Gritou. Não houve resposta dos guardas.
-Malditos! Vocês sabem disso! Sabem melhor do que qualquer um!!

Na execução, Pierre gritou o mesmo protesto enquanto sua cabeça era colocada na guilhotina.
-Sabem que somos escravos, não? Não sabes, irmão Gerard? Por trás dessa máscara negra, sabes disso!!
Gerard era o seu melhor amigo. Em horas infelizes era o carrasco, pois era solteiro e testemunhara quimeras horríveis como pesadelos nas empreitadas nas terras infiéis. Era o seu amigo, companheiro de bebida e de lembranças de guerra. Trajava uma máscara horrenda de pano negro e seus olhos fitavam as lâminas afiadas e os olhos do amigo.
Puxou a corda.
Recolheu a cabeça do amigo que sangrava pouco. Sempre se impressionava com isso, com o fato de que o corte bem rente no pescoço provocava pouco sangramento nas ligações.
Enquanto estava prostrado e aguardando a lâmina, Pierre pensou na sua bela mulher viúva e na pequena Marie. Um sorriso lhe veio à face antes do derradeiro fim.
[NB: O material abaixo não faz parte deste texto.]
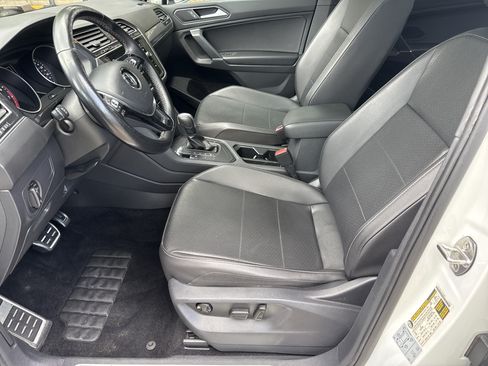 Used 2020 Volkswagen Tiguan SE R-Line FWD image 9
O último grito que Pierre dera era o mesmo. Sobre todos serem injustiçados.
No fundo, alguns sabiam que isso era a mais cristalina verdade. Outros discordavam, beijando o anel papal do Cardeal. Alguns sabiam, outros não. O senhor do castelo prevalecia, levando o seu povo a crer que era o eleito para protegê-los, ainda que contra a vontade deles, os homens e mulheres se ajoelhavam a seus pés;  e quem era Pierre para contestar que a sua representatividade era inefetiva? Quem era aquele homem?
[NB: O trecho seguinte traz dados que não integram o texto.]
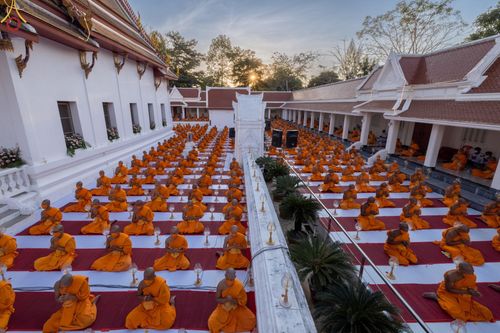 ภาพ No.73387:พิธีจุดประทีปถวายเป็นพุทธบูชา และบูชาธรรมมหาปูชนียาจารย์ ในโครงการธรรมยาตรากตัญญูบูชา มหาปูชนียาจารย์ พระมงคลเทพมุนี(สด จนฺทสโร) พระผู้ปราบมาร ปีที่ 11 ณ อนุสรณ์สถานลำดับที่ 4 สถานที่เกิดด้วยกายธรรม วัดโบสถ์ (บน) บางคูเวียง อ.บางกรวย จ.นนทบุรี วันที่ 21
“Pierre era só um homem”, refletiu o Cardeal olhando a cabeça cortada de Pierre. Um só homem no meio de tantos, que beijam o anel do senhor do castelo. Ele não era nada, ele não contava. Ele era, afinal, só isso: um homem!
“Mas, talvez, secretamente, ele poderia se tornar o herói daquela gente suja e maltrapilha...”
Por um minuto, no âmago da sua indiferença,  o senhor do castelo ponderou que talvez a sua ajuda fosse prejudicial, que, quiçá, naquela praça teria auxiliado um mártir a forjar a sua própria derrocada...
..mas não.
Beijou o anel da sua mão. Ele precisava. Reconforto. Paz novamente. Era o mês de maio e todas as suas vontades seriam atendidas, pois o povo estava do seu lado.
Novamente, o silêncio tomou a praça com o final da execução e a vida seguia normalmente.